A beginner-friendly walkthrough of how an AI-powered timesheet assistant works — from voice input to structured database entries, with conversational validation in between.

If you've ever had to log timesheets at the end of a long workday, you know the feeling: you stare at a form, trying to remember exactly what you worked on, for how long, and under which project code. It's tedious — and it's the kind of work that AI can actually take off your plate.

This post walks through a real architecture our team designed to do exactly that: an AI-assisted timesheet tool built on top of an existing ETM (Employee Time Management) system. No magic, just a clear pipeline you can follow step by step.

The big picture

Think of the system as a smart assistant sitting between you and the timesheet form. Instead of filling in fields manually, you just talk to it — or type naturally — and it figures out the rest.

Here's what happens under the hood:

You send a voice message or typed text from your phone or browser.
An API Gateway (built with NestJS) receives the request.
An AI Orchestrator takes over — it coordinates several specialist modules to understand your input.
If your input is complete, it logs the timesheet entry automatically.
If something is missing, it asks you a follow-up question — like a chat conversation.

Step 1 — Your input reaches the system

The client (web app or mobile) accepts two kinds of input:

Text: "I worked on the ETM dashboard bug fix for 3 hours this morning, project ETM-2024."
Voice: You speak, and a Speech-to-Text (STT) module converts it to the same text string.

Either way, everything becomes text before the AI starts working on it. This keeps the rest of the pipeline simple and consistent.

Step 2 — The LLM parses your intent

Once the text arrives at the AI Orchestrator, a Large Language Model (LLM) reads it and tries to extract a structured timesheet entry. Think of this as filling in a form automatically:

{
  "project": "ETM-2024",
  "task": "Dashboard bug fix",
  "duration_hours": 3,
  "date": "2025-04-17",
  "time_of_day": "morning"
}

The LLM is prompted to return JSON output, not freeform text. This is called structured output — it's a standard technique where you tell the model exactly what shape you need the answer in.

Step 3 — RAG fills in context you didn't mention

What if you just said "worked on the bug fix" without specifying a project? That's where the RAG (Retrieval-Augmented Generation) layer comes in.

RAG connects the LLM to a vector database that stores your project history, team assignments, and recent activity. So if "bug fix" has been associated with "ETM-2024" in your last 10 entries, the system can infer it — and fill it in for you.

This is similar to how your email app suggests completions based on your writing history, but smarter because it reasons over structured records.

Step 4 — Validation catches what's still missing

The Validator module checks the parsed entry against required fields. A valid timesheet typically needs:

Project code
Task description
Duration
Date

If any of these are still missing after the LLM and RAG steps, the system doesn't just fail silently. It triggers a conversational loop.

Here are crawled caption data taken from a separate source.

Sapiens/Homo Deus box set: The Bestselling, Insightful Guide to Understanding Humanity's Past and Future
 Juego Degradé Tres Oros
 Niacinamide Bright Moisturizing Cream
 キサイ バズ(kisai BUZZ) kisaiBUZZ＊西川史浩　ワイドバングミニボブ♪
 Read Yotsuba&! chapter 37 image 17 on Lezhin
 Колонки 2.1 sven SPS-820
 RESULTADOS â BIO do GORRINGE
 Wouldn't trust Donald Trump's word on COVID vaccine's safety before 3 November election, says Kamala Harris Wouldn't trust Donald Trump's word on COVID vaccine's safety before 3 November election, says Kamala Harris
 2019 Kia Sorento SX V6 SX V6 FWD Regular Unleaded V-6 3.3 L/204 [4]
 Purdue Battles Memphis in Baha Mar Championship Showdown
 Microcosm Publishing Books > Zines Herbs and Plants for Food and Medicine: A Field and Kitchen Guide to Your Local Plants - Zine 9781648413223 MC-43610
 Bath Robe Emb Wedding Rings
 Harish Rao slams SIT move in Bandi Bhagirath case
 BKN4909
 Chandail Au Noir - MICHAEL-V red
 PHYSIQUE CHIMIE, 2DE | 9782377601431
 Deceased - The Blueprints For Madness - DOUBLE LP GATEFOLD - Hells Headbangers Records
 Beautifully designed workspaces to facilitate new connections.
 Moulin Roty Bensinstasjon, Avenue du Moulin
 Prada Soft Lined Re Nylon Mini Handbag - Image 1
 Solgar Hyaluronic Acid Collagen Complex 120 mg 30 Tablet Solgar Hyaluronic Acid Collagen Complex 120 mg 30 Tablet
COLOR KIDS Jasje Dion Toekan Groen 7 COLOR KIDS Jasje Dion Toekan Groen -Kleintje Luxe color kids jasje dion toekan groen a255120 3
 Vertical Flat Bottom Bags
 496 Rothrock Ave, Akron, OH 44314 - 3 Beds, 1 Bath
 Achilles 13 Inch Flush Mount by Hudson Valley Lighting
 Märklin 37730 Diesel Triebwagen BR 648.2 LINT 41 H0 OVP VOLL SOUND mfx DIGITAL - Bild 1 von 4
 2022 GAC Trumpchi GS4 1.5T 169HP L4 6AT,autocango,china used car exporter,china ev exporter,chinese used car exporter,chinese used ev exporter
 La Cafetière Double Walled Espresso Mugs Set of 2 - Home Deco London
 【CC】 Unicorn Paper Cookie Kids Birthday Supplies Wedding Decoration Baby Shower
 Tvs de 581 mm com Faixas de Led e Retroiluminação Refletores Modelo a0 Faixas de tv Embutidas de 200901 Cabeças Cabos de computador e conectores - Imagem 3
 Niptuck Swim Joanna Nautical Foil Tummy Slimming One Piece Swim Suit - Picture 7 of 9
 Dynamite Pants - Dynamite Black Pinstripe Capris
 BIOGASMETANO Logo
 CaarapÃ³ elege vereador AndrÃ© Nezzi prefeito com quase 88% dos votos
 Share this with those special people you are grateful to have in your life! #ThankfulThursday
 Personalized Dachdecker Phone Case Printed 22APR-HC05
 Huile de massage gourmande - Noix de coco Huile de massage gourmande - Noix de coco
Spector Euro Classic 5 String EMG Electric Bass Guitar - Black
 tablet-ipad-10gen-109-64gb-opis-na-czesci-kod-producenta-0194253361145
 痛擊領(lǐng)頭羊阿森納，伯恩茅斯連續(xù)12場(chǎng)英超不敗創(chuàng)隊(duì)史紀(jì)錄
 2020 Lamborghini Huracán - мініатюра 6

Step 5 — The chatbot asks, you answer

This is where it gets interesting. Instead of returning an error, the assistant sends you a friendly follow-up message:

"Got it — 3 hours on the dashboard bug fix. Which project should I log this under?"

You reply: "ETM-2024."

The system merges your reply with the existing data and re-validates. If everything checks out, it proceeds. If not, it asks again — until the entry is complete. This loop is lightweight and fast because the LLM only needs to parse one short answer at a time.

Step 6 — The entry is submitted

Once the entry is fully validated, the Action Router sends it to the appropriate API — either the Timesheet API or Leave API depending on the type of entry. The APIs write the data to the SQL database, just like a normal form submission would. The AI layer is completely transparent to the backend.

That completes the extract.